HI-iiiiiii!

gloves

Hello again. That was quite a break on my part. To be exact, it was a few breaks, all in the bones of my left wrist, the one I need for Writing and for half the keyboard. Since mid-March, I have been able to hold a pen enough to take skittish notes, and I learned to type with one hand. Frankly, getting the paid work done took all I had.

There has been many an excuse for not writing in my life, but it’s never been that I literally could not write. Watching the Bronte sisters dipping and scratching out lines on the recent Masterpiece program, I caught myself envying their speed. Yikes.

Last week I was able to write a draft of this post, and I’m currently typing it normally, albeit with pauses for “shaking it out.” So here’s what I’ve Got:

My city, and my walks through it, include several community gardens, some only a building lot in size. I love them. Our string of formal green spaces here is called the Emerald Necklace, and I like to think of the community gardens as a string of colorful, hand-made beads. I passed by a favorite small one not long ago, a week before it opened for the season. It was one of my first long walks since I healed and the ice melted, but I still found myself in a sooty haze of vulnerability, hand sweaty under the Velcro splint I wear outside.

The Garden, like me, was not then productive. Lopsided cubes and cones of protective wire mesh filled the plots, and old stalks lay bent or smooshed on the cold soil. The ice and snow did a job on them, too. All that mesh must have been neatly unrolled last fall, but winter tipped it into the shape of drunk tornadoes or the weird shape of houses in children’s drawings. Everywhere was a sense of inactivity, a sense of work not visited. Just like me. And here’s more: it was beautiful, sculptural, creative in its own way, full of potential. Yeah, I know. But be nice to me about it: I’ve been Injured.

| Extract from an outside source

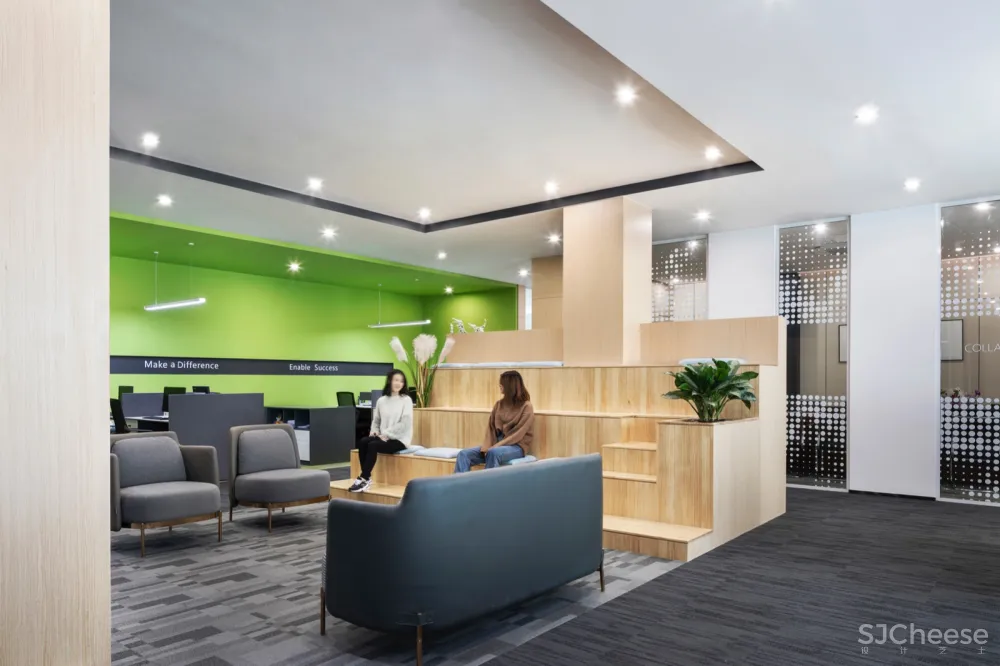 厂区办公空间中的“混天绫”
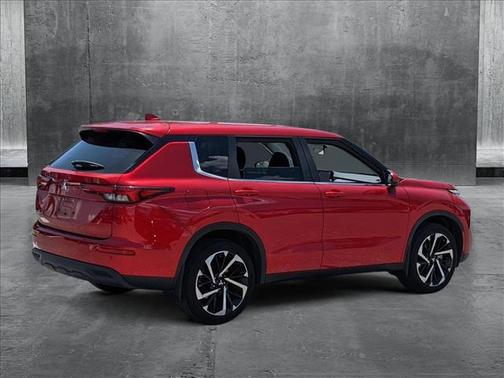 2022 Mitsubishi Outlander ES 2.5 2WD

My next visit was after opening day, and change had bloomed, if not much else. The wire had all vanished, along with the patterns of leaf litter. The plots were clean, newly opened spaces. The birdbath and the trellises had been leaned upright, and garden gloves waved from the posts where they were drying, hands suddenly present and ready to be used. A clump of daffodils spun yellow to match the bright metal bench across the way. A violet was growing rogue in the border area, and here and there other spots of deeper purple poked up, including in a pinwheel.

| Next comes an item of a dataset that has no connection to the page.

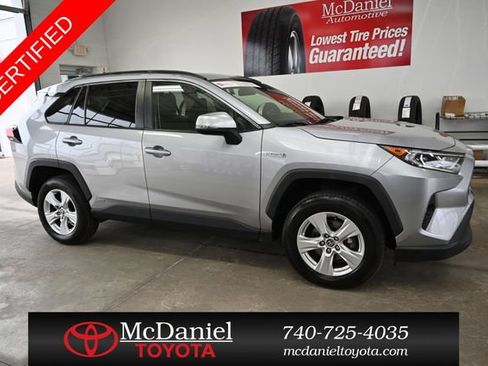 Certified 2020 Toyota RAV4 XLE w/ Convenience Package image 4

It’s too trite to say unto everything there is a season, and we just bloody have to Live With That. But I felt okay in the garden because my own creative tool was making its comeback. A CPT Life can have dull seasons brought on by so many things. It was surreal for me not to be able to write, but I could feel at home in the brown garden knocked over by snow and ice. And then again in the one full of new things growing and garden gloves doing jazz hands.

I didn’t want to make a clichéd Metaphor here, although I think it’s too late. Let’s call this a more literal bonding of a place I like and me, a snapshot of various creative tools forced into disuse, now back on the Creative Track. So there.

 

5 thoughts on “HI-iiiiiii!

  1. Great post, and CPTs know that a cliche in the right, capable, albeit broken, hands can be rendered into something new and personal, like garden glove jazz hands–love it!